An estimated 50,000 Americans are diagnosed with Parkinson’s disease annually according to the National Institutes of Health, and about 1 million Americans have the condition.
The efficacy of Xadago in treating Parkinson’s disease was shown in a clinical trial of 645 participants who were also taking levodopa and were experiencing “off” time. Those receiving Xadago experienced more beneficial “on” time, when Parkinson’s symptoms are reduced, without troublesome uncontrolled involuntary movement (dyskinesia), compared to those receiving a placebo.
The increase in “on” time was accompanied by a reduction in “off” time and better scores on a measure of motor function assessed during “on” time than before treatment.
In another clinical trial of 549 participants, the participants adding Xadago to their levodopa treatment had more “on” time without troublesome uncontrolled involuntary movement compared to those taking a placebo, and also had better scores on a measure of motor function assessed during “on” time than before treatment.
FDA also recently approved pembrolizumab (Keytruda, Merck) for adult and pediatric patients with refractory classical Hodgkin lymphoma (cHL), or those who have relapsed after 3 or more prior lines of therapy.
Under FDA’s accelerated approval regulations, this indication is approved based on tumor response rate and durability of response.
The approval is based on data in 210 patients from the KEYNOTE-087 trial, which demonstrated an overall response rate (ORR) with Keytruda (200 mg every 3 weeks) of 69%, along with a complete remission rate (CRR) of 22% and a partial remission rate (PRR) of 47%.
The median follow-up time was 9.4 months. Among the 145 responding patients, the median duration of response was 11.1 months.
“Today’s approval—the first for Keytruda in a hematologic malignancy—reinforces the hope that immunotherapy will prove useful in a wide variety of cancers,” said Roger M. Perlmutter, MD, PhD, president of Merck Research Laboratories, in a statement from the company.
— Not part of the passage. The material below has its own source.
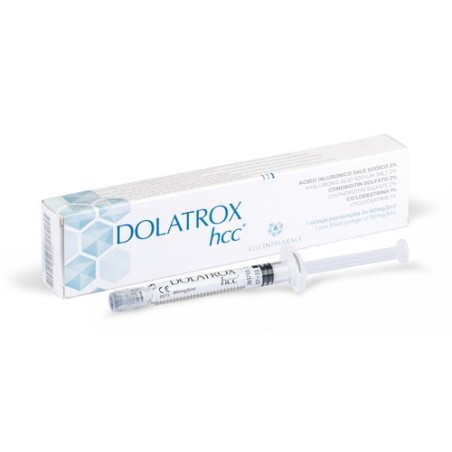 Kolinpharma Dolatrox hcc siringa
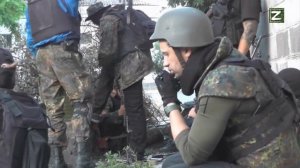 Батальон «Азов». Бой за Мариуполь 13.06.2014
Meanwhile, FDA also granted breakthrough therapy designation status to rituximab (Rituxan, Genentech) for pemphigus vulgaris, a rare, serious and life-threatening condition characterized by progressive painful blistering of the skin and mucous membranes.
Genentech is currently enrolling a phase 3 study in pemphigus vulgaris (PEMPHIX, NCT02383589), a disease for which there are limited treatment options.
“People with pemphigus vulgaris need more options and we look forward to working with the FDA to make Rituxan available to patients with this potentially deadly disease,” said Sandra Horning, MD, chief medical officer and head of Global Product Development, in a Genentech statement. “We are committed to developing therapies that target B cells in areas of unmet need across a range of immune and malignant diseases, including new antibody constructs that enhance efficacy, safety or both.”
Breakthrough therapy designation status was granted based on data from a Roche-supported randomized trial conducted in France, which evaluated Rituxan plus oral corticosteroid (CS) treatment compared to CS as a first-line treatment in patients with moderate to severe pemphigus.
Results of the study, published in The Lancet, show that Rituxan may provide substantial improvement in pemphigus vulgaris remission rates and successful tapering and/or cessation of CS therapy.